Gesture Control: Index Finger to Move Mouse, Fist to Click
Gaze Control: Generate image

Inspiration

Have you ever felt that the traditional keyboard and mouse are bottlenecks to human thought? We drew inspiration from the futuristic interfaces seen in movies like The Avengers, where Tony Stark effortlessly interacts with his computer using only glances, gestures, and natural conversation.

At the same time, we wanted to address a real-world challenge: accessibility. Many users with limited mobility struggle to interact with computers using traditional input devices such as keyboards and mice. What if a computer could understand our intentions naturally—by observing where we look, how we move our hands, and what we say?

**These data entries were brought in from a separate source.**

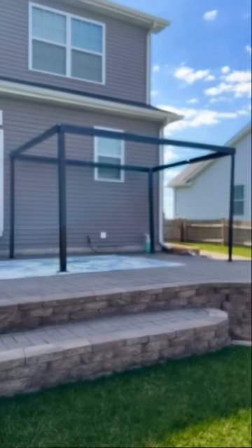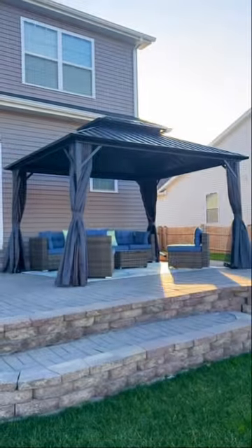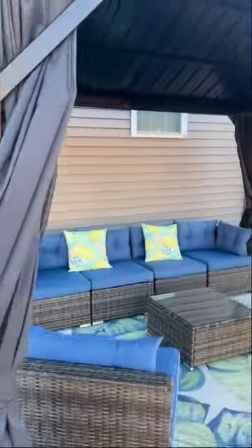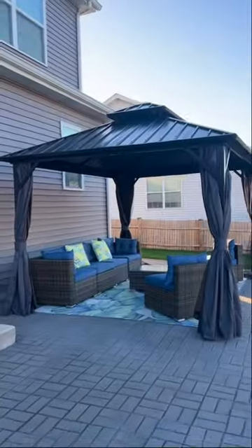I bet you're like me and you love the idea of indoor-outdoor living, but you had no idea how to make your patio an indoor-outdoor living space. Feel free to steal my idea that I'm obsessed with. I got this Yeeta Home 10x12 hardtop gazebo and paired it with their 7-piece furniture set and it is perfect. Let me know, how do you think it turned out?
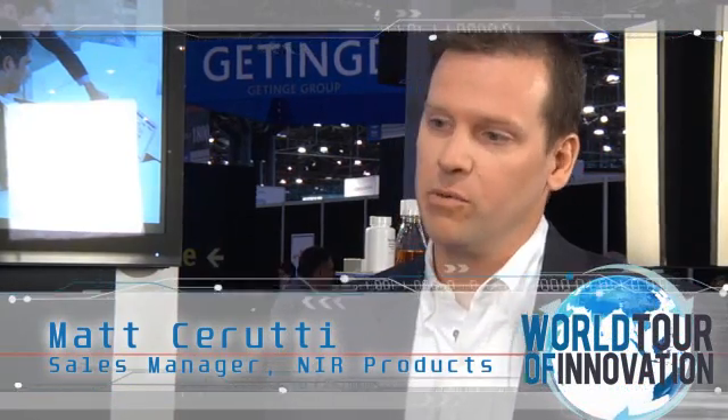Our near-infrared product line is based on four different models of instruments that range from laboratory-based spectrometers all the way through process-level analyzers. That's really one of the key messages we want to bring to the show and to our customer base — that we have an offering that goes from laboratory through process into online manufacturing.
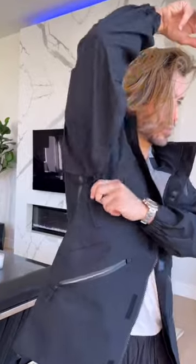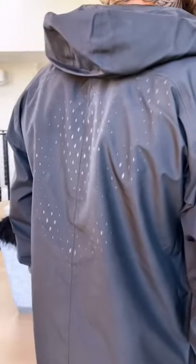There is a vented zipper right here for your vents. Boom. There are vents in the back as well.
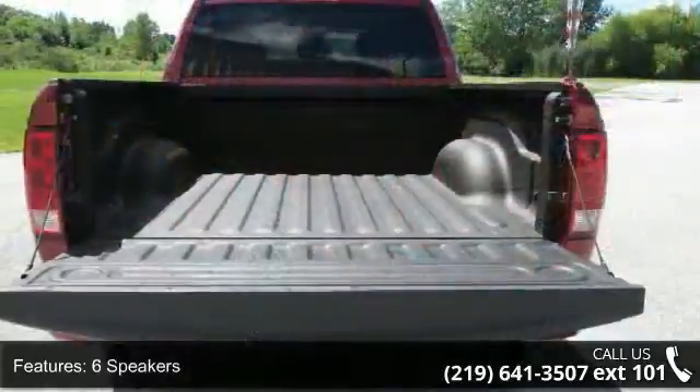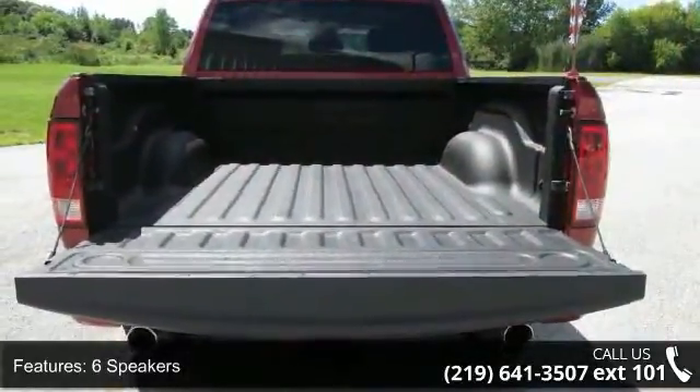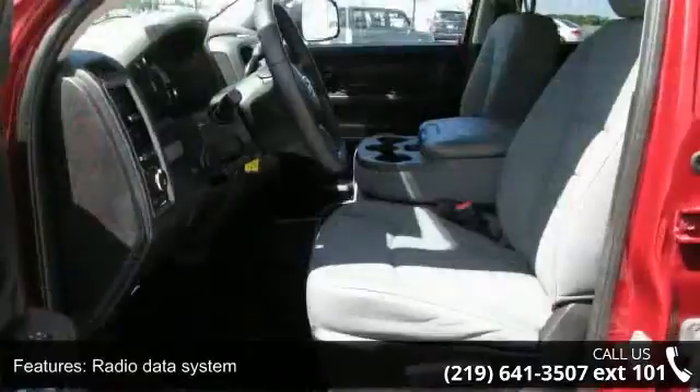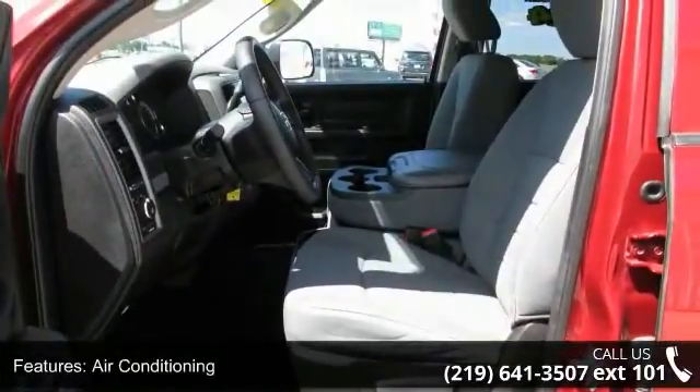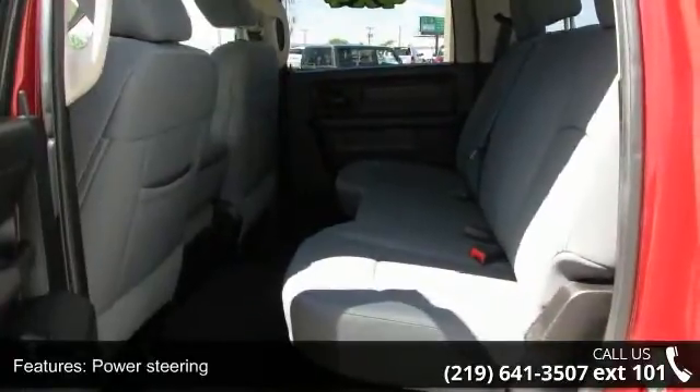Enjoy these notable features: 6 speakers, radio data system, air conditioning, power steering, power windows, rear folding seat, tip start, traction control, 4-wheel disc brakes and ABS brakes.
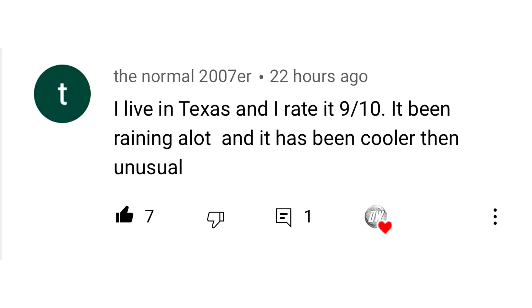For today's comment of the day, I asked you guys how you would rank this summer so far. The Normal 2007er said: I live in Texas and I rate it 9 out of 10. It's been raining a lot and it has been cooler than usual. I picked this one because it's more of a positive outlook. I got a lot of people from the Pacific Northwest ranking it a 1 out of 10 — they're saying it's way too hot — and then a lot of people from the East Coast also ranking it a 1 out of 10 for the opposite reason: too cold and rainy. If only we could flip, everybody would be happy. But obviously after a week, they'd all be complaining again for opposite reasons.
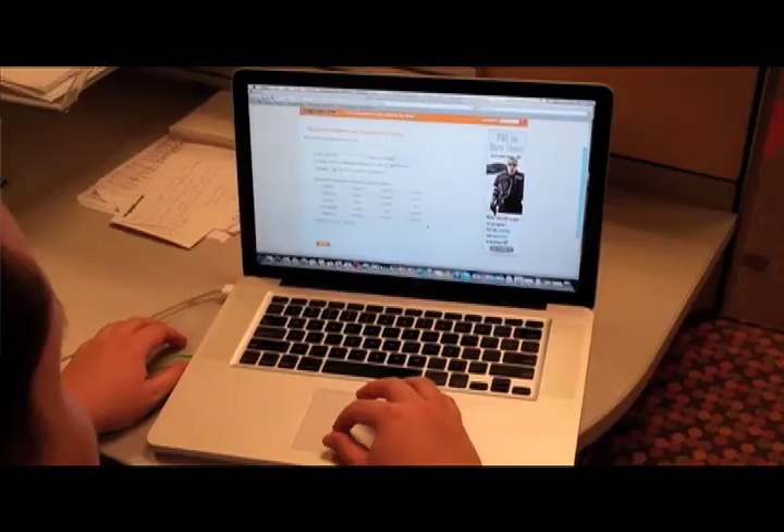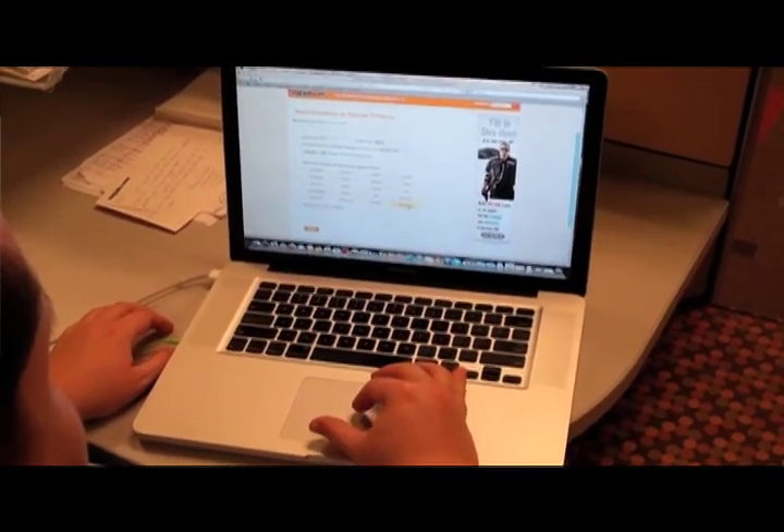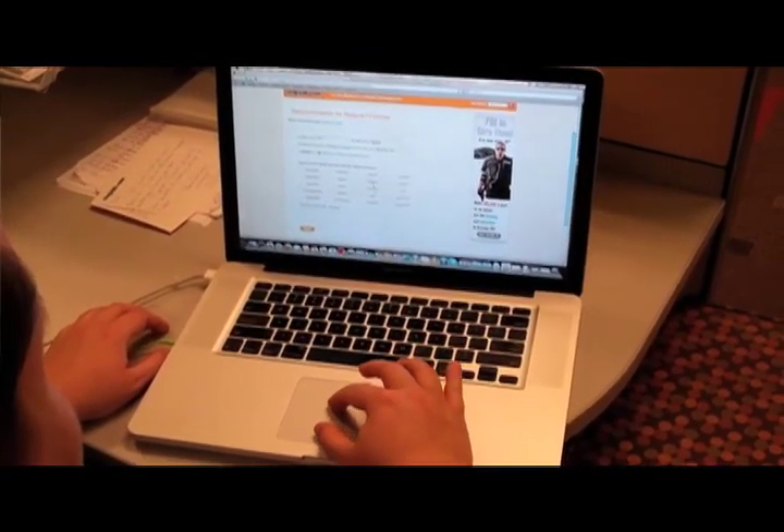After your referral clicks the link in the email that we send them, they'll be taken to a page and asked to fill out a short recommendation and choose up to three words that describe you best. They'll also be asked to provide a phone number where the employer can reach them in case the employer needs to discuss further.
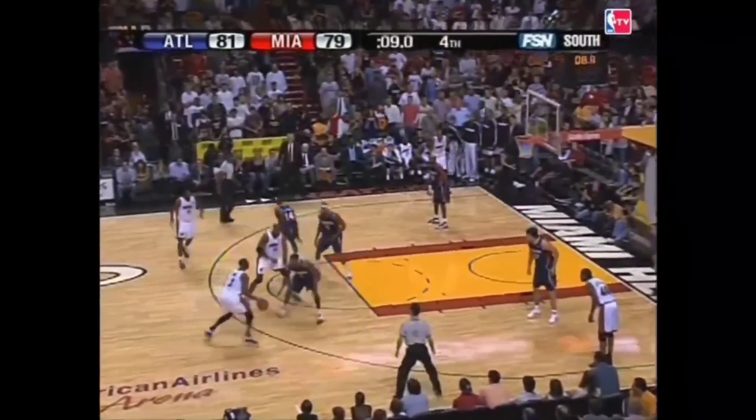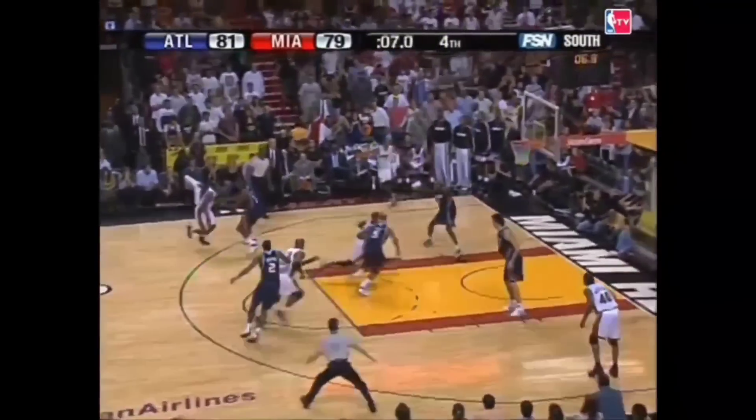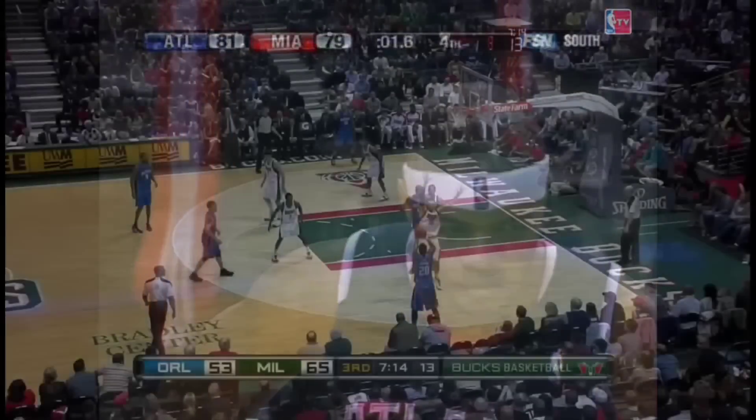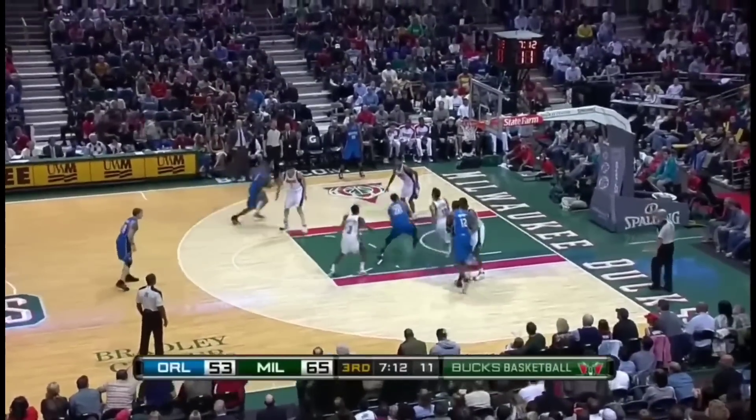Joe against Dwyane Wade — D-Wade drives it, takes it up, blocked by Josh Smith. Loose ball, Hawks have it. Two seconds. That jumper, and he pops — now he's going to extend the defense.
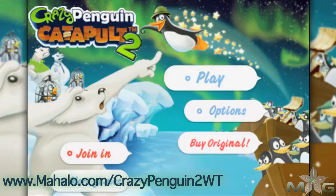Hey guys, Wally here with Mahalo Games, and I've got an educational video on how to beat the game Crazy Penguin Catapult 2 for the iPhone. This game is also playable on the iPad and iPod Touch. For more videos in this series, head over to www.mahalo.com slash crazypenguin2wt.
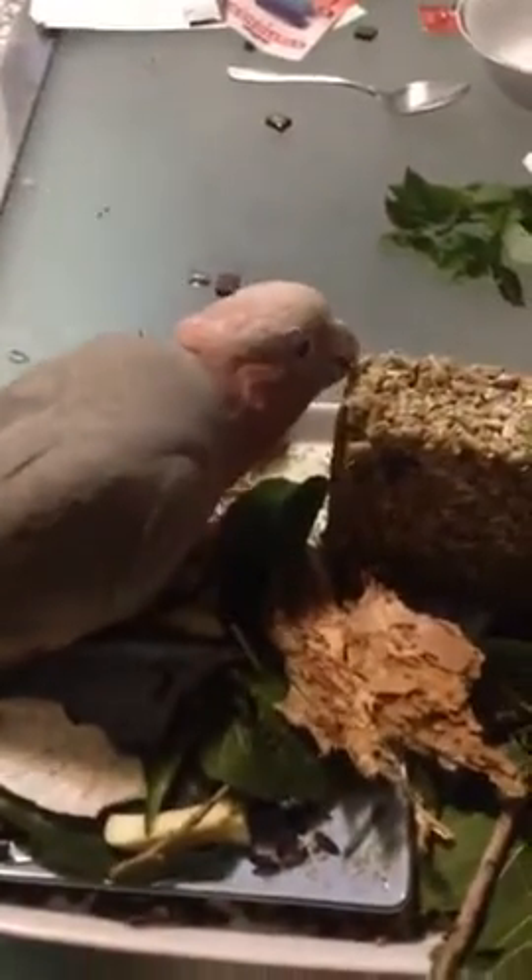This is Rosie, and I like to give her heaps of natural stuff to munch on. She makes a very big mess if you let her put stuff everywhere.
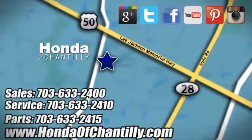Honda of Chantilly. We're conveniently located just south of Dulles Airport at 4175 Stonecroft Boulevard in Chantilly.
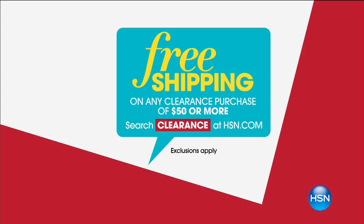We'll also tell you a little bit more about our today's special. Free shipping on any clearance purchase of $50 or more, but let's kick off our next hour with today's special.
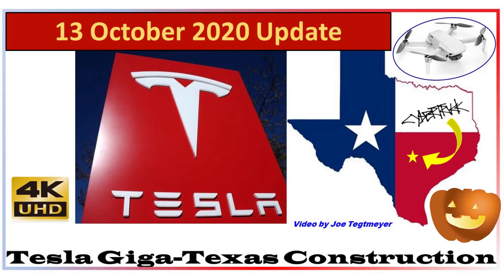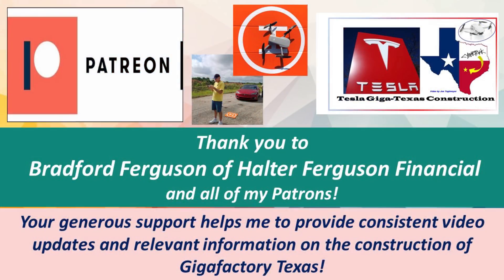Hey everybody, this is Joe. Thanks for watching the 13 October GigaTexas update video. I'd like to thank Bradford Ferguson of Halter Ferguson Financial and all of my patrons for helping to make these videos possible. Thank you.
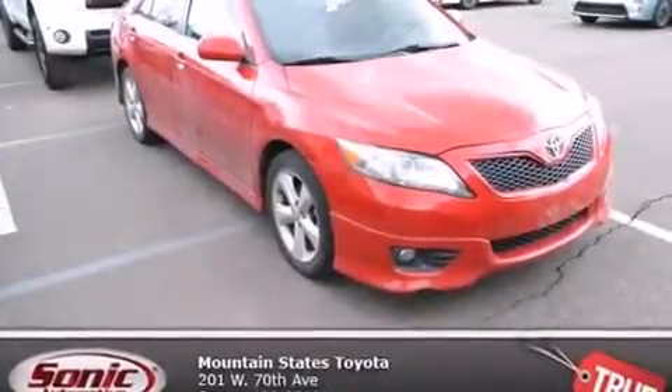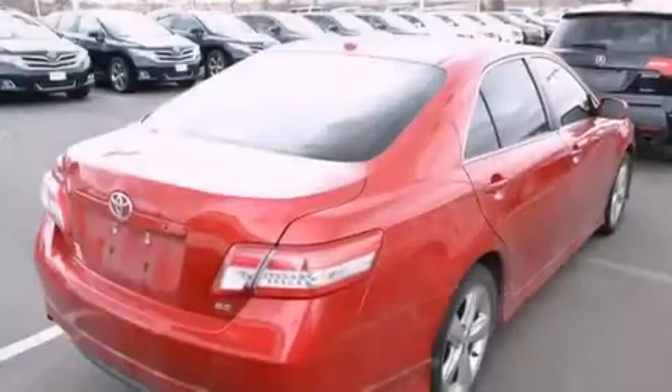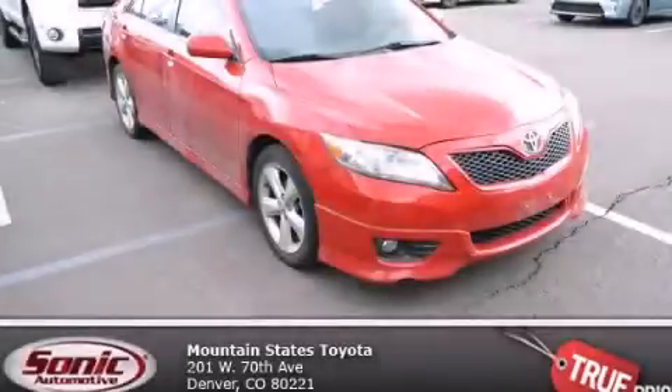With an EPA estimated rating of 32 miles per gallon on the highway, fuel efficiency is still high on the list of priorities. Stop by today and test drive this vehicle for yourself.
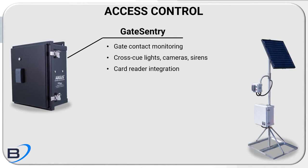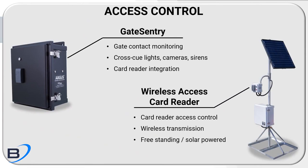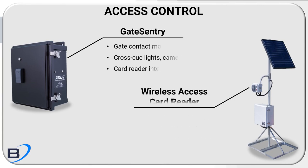Argus products like Gates Entry and the wireless access card reader can provide immediate entry and exit monitoring capabilities along temporary fence lines.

This vision led us to create GGS (Gaze Gesture Speech). Our goal was to build a system that connects human intent directly with computer actions through natural multimodal interaction, making computing more intuitive, efficient, and accessible for everyone.

What it does

GGS is an AI-powered multimodal interface that allows users to control their computers without relying on traditional physical inputs. Instead, it interprets three natural forms of human interaction:

Gaze Tracking: Identifies exactly which element on the screen the user is looking at.
Gesture Recognition: Interprets simple hand motions such as snapping fingers to confirm or pinching to scroll.
Speech Commands: Understands natural language instructions to perform tasks.

For example, when a user looks at a web form and snaps their fingers, GGS analyzes the screen context and automatically fills the form using AI. Tasks that usually require several manual steps—like reading an email, summarizing it, and drafting a reply—can be completed within seconds.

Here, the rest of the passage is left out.